Seniority number description of potential energy surfaces: Symmetric dissociation of water, N2, C2, and Be2
Bytautas, Laimutis; Scuseria, Gustavo E.; Ruedenberg, Klaus
The present study further explores the concept of the seniority number (Ω) by examining different configuration interaction (CI) truncation strategies in generating compact wave functions in a systematic way. While the role of Ω in addressing static (strong) correlation problem has been addressed in numerous previous studies, the usefulness of seniority number in describing weak (dynamic) correlation has not been investigated in a systematic way. Thus, the overall objective in the present work is to investigate the role of Ω in addressing also dynamic electron correlation in addition to the static correlation. Two systematic CI truncation strategies are compared beyond minimal basis sets and full valence active spaces. One approach is based on the seniority number (defined as the total number of singly occupied orbitals in a determinant) and another is based on an excitation-level limitation. In addition, molecular orbitals are energy-optimized using multiconfigurational-self-consistent-field procedure for all these wave functions.
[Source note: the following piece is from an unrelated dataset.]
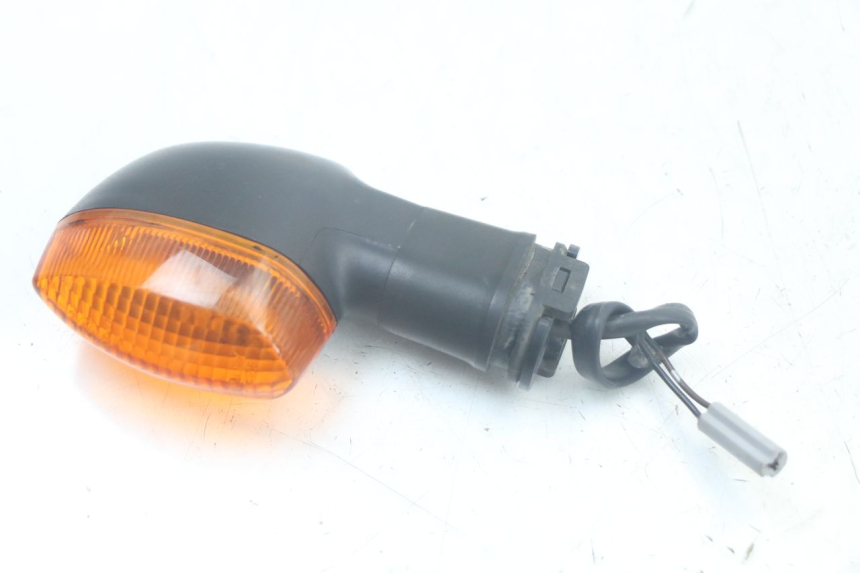 photo de LEFT REAR TURN SIGNAL YAMAHA TDM ABS 900 (2002 - 2014) - Main view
The test cases include the symmetric dissociation of water (6-31G), N2 (6-31G), C2 (6-31G), and Be2 (cc-pVTZ). We find that the potential energy profile for H2O dissociation can be reasonably well described using only the Ω = 0 sector of the CI wave function. For the Be2 case, we show that the full CI potential energy curve (cc-pVTZ) is almost exactly reproduced using either Ω-based (including configurations having up to Ω = 2 in the virtual-orbital-space) or excitation-based (up to single-plus-double-substitutions) selection methods, both out of a full-valence-reference function. Finally, in dissociation cases of N2 and C2, we shall also consider novel hybrid wave functions obtained by a union of a set of CI configurations representing the full valence space and a set of CI configurations where seniority-number restriction is imposed for a complete set (full-valence-space and virtual) of correlated molecular orbitals, simultaneously. We discuss the usefulness of the seniority number concept in addressing both static and dynamic electron correlation problems along dissociation paths.